Appeals Court of Massachusetts.
May 4, 2017
91 Mass. App. Ct. 1120 (Mass. App. Ct. 2017)

Opinion

16-P-626

05-04-2017

Roland VAN LIEW v. Jon KURLAND& another.


MEMORANDUM AND ORDER PURSUANT TO RULE 1:28

The plaintiff, Roland Van Liew, appeals from the judgment after a judge allowed the defendants' special motion to dismiss. The plaintiff argues that the judge erred in finding that the defendants' conduct constituted petitioning activity, as protected under G. L. c. 231, § 59H. We reverse

The plaintiff also appeals from the order denying his motion for reconsideration.

Background. "We draw the background facts of the case from the pleadings and affidavits pertinent to the special motion to dismiss, as well as from the judge's decision and order." North Am. Expositions Co. Ltd. Partnership v. Corcoran, 70 Mass. App. Ct. 411, 412 (2007), S.C., 452 Mass. 852 (2009).

In 2011, the plaintiff initiated an effort to recall four recently elected members of the Chelmsford board of selectman (board). Defendant Kurland was one of the selectmen that was targeted by the plaintiff's recall campaign.

Pursuant to the Chelmsford town charter, a mandatory recall vote may be triggered by an initial filing of twenty-five signatures from each of the nine precincts in Chelmsford. This litigation concerns the plaintiff's efforts to gather signatures in support of his recall campaign, and the defendants' actions in opposition to the plaintiff's petition.

Once this requirement is met, a special election would decide whether to recall the selectman.

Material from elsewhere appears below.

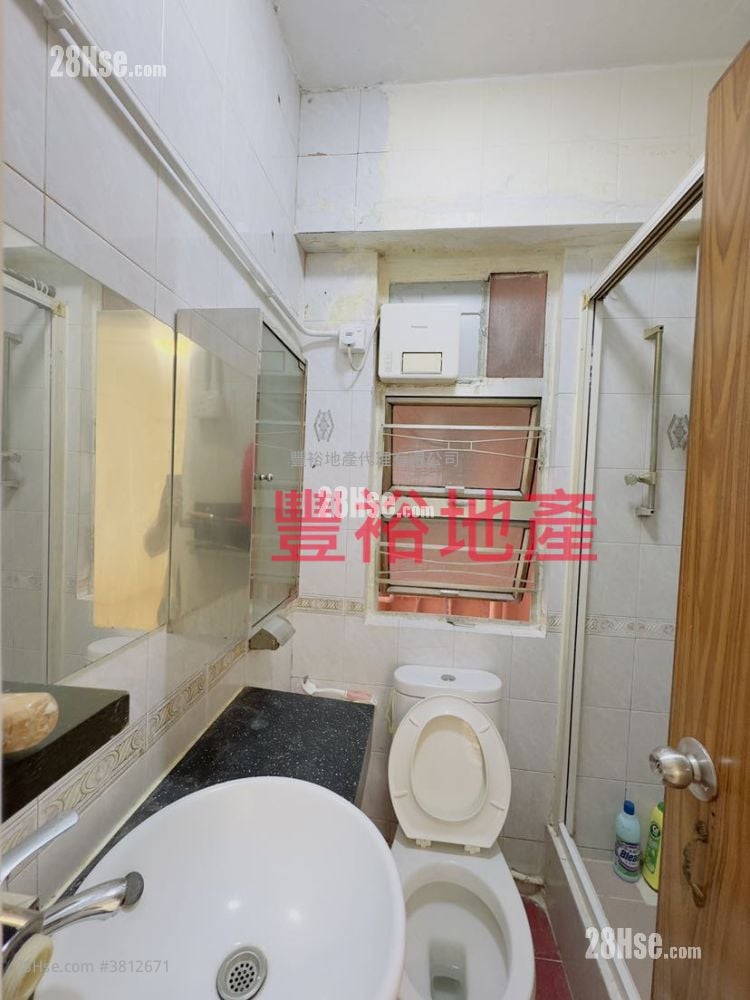 京寶大樓 租盤 435 平方呎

The plaintiff's amended complaint alleges that on April 20, 2011, Kurland sent an electronic mail message (e-mail) to thirty people, advising them of the plaintiff's efforts to gather signatures at local stores in Chelmsford. Kurland encouraged the e-mail recipients to take steps to "discourage [the canvassers] from continuing [their] effort to get signatures." He further instructed, "If you see them at [the] stores or in parking lots, please discuss this with the store manager." Kurland added, "It is my understanding that DeMoulas [Market Basket] and Hannaford [Supermarket] frown on this type of activity by their stores."

The plaintiff hired a professional signature-gathering company, Powder House Political Consultants, to assist in the plaintiff's efforts to gather signatures for the recall campaign.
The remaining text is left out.